→ **What you should do**:
For the word "Black", count the lines of the data that include it and give only the total.

Records from a collection
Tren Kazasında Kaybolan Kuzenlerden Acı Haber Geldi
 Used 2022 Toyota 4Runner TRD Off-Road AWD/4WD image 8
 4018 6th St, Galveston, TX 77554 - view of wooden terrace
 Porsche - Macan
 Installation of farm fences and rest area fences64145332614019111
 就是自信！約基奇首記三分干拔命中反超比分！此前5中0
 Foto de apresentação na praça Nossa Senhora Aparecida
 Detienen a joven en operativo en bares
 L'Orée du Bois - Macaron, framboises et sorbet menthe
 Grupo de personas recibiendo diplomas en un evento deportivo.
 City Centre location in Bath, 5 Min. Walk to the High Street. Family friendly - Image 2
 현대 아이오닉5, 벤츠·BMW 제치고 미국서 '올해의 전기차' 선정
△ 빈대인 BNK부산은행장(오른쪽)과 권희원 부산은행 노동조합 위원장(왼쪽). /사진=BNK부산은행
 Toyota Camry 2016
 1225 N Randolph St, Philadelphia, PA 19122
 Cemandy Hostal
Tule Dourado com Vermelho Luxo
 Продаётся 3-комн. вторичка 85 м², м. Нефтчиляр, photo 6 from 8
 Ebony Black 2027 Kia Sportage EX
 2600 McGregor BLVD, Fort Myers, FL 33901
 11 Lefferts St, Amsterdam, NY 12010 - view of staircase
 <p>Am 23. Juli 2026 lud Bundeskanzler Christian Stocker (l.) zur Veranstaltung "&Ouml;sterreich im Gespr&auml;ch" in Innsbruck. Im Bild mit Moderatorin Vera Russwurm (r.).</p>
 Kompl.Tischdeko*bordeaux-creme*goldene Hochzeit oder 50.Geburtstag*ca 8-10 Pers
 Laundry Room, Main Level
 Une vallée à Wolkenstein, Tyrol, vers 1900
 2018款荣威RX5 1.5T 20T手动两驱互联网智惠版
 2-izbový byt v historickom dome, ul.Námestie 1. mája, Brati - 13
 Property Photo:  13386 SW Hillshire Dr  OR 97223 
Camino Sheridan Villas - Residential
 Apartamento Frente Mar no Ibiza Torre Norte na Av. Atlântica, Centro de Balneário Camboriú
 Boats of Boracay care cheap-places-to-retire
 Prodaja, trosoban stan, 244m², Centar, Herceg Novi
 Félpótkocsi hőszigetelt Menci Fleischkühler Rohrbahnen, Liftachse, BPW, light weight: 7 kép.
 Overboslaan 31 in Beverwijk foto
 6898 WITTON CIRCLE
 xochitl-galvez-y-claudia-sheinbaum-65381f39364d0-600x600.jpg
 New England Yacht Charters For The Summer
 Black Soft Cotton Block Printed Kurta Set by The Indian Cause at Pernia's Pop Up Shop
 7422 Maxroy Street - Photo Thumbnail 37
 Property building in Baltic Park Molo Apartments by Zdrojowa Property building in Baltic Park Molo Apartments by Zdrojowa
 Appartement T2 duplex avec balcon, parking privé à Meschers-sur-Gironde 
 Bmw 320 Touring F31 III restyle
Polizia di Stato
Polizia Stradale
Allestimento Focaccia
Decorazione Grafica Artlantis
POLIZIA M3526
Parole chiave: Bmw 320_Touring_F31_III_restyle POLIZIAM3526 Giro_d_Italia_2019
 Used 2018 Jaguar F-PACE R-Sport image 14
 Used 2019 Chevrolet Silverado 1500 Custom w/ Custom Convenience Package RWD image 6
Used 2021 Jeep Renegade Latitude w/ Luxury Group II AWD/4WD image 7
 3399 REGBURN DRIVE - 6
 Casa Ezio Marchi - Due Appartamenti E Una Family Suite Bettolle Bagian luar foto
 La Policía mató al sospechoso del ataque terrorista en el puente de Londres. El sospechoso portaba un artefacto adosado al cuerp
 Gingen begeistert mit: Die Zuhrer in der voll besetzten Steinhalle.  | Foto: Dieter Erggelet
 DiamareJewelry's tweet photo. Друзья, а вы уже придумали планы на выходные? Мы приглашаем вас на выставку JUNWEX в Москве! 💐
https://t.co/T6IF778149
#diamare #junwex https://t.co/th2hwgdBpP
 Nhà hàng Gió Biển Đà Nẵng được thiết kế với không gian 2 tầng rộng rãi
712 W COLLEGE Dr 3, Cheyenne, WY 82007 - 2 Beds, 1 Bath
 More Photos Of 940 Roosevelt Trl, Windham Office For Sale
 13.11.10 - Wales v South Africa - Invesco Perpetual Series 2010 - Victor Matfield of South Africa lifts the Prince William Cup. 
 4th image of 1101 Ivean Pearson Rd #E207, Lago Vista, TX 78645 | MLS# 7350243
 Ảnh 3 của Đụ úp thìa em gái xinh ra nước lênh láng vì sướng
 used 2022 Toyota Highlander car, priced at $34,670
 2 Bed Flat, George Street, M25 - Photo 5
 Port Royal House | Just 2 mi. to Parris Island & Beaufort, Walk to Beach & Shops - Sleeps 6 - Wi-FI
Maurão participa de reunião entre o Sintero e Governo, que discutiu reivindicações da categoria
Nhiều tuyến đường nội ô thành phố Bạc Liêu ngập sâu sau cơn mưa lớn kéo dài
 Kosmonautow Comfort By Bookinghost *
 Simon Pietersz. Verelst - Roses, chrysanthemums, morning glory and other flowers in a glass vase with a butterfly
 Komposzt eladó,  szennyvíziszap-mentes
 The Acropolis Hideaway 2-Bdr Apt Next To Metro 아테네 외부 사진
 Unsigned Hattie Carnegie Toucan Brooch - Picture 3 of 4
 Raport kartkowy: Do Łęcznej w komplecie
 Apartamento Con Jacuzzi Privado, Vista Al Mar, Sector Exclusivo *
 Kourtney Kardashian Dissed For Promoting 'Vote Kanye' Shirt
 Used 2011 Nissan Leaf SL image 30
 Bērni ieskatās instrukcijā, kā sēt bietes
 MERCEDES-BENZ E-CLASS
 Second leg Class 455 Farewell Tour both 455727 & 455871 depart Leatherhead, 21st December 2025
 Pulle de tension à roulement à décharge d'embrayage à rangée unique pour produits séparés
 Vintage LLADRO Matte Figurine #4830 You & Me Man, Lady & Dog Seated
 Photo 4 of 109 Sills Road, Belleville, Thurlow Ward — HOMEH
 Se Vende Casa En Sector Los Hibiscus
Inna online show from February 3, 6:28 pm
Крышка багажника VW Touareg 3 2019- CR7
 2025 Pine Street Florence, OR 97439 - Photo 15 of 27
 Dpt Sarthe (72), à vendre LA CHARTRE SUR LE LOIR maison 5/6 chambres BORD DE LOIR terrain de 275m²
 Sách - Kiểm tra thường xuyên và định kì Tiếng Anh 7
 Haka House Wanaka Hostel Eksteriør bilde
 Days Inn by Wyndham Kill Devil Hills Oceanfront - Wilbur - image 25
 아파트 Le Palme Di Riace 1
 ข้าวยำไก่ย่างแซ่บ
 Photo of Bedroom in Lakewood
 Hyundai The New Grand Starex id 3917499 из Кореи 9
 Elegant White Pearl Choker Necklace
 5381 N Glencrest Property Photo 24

→ **Task result**:
2